Computer system 1000 may further include a video display adapter 1052 for communicating a displayable image to a display device, such as display device 1036. Examples of a display device include, but are not limited to, a liquid crystal display (LCD), a cathode ray tube (CRT), a plasma display, a light emitting diode (LED) display, and any combinations thereof. Display adapter 1052 and display device 1036 may be utilized in combination with processor 1004 to provide graphical representations of aspects of the present disclosure. In addition to a display device, computer system 1000 may include one or more other peripheral output devices including, but not limited to, an audio speaker, a printer, and any combinations thereof.
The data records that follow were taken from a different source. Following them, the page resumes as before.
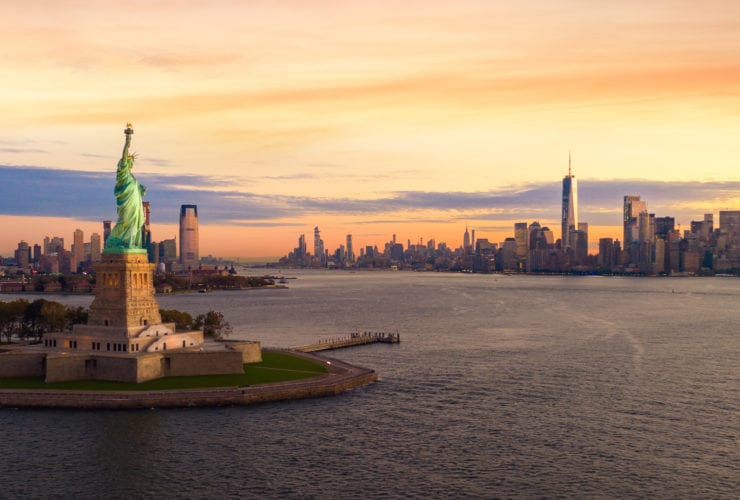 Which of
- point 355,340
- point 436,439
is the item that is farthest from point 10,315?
point 436,439

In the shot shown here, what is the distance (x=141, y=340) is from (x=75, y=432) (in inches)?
711

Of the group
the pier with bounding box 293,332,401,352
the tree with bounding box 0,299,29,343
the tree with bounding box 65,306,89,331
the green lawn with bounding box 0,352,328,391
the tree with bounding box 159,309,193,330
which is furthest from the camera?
the pier with bounding box 293,332,401,352

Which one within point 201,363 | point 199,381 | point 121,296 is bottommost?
point 199,381

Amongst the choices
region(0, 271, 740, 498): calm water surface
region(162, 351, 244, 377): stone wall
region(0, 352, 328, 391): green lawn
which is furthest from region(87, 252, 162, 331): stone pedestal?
region(0, 271, 740, 498): calm water surface

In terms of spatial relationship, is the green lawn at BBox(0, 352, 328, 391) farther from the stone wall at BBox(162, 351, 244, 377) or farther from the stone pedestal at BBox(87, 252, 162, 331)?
the stone pedestal at BBox(87, 252, 162, 331)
Such peripheral output devices may be connected to bus 1012 via a peripheral interface 1056. Examples of a peripheral interface include, but are not limited to, a serial port, a USB connection, a FIREWIRE connection, a parallel connection, and any combinations thereof.
The foregoing has been a detailed description of illustrative embodiments of the invention. Various modifications and additions can be made without departing from the spirit and scope of this invention. Features of each of the various embodiments described above may be combined with features of other described embodiments as appropriate in order to provide a multiplicity of feature combinations in associated new embodiments. Furthermore, while the foregoing describes a number of separate embodiments, what has been described herein is merely illustrative of the application of the principles of the present invention. Additionally, although particular methods herein may be illustrated and/or described as being performed in a specific order, the ordering is highly variable within ordinary skill to achieve methods, Apparatuses, systems, and software according to the present disclosure. Accordingly, this description is meant to be taken only by way of example, and not to otherwise limit the scope of this invention.
Exemplary embodiments have been disclosed above and illustrated in the accompanying drawings. It will be understood by those skilled in the art that various changes, omissions and additions may be made to that which is specifically disclosed herein without departing from the spirit and scope of the present invention.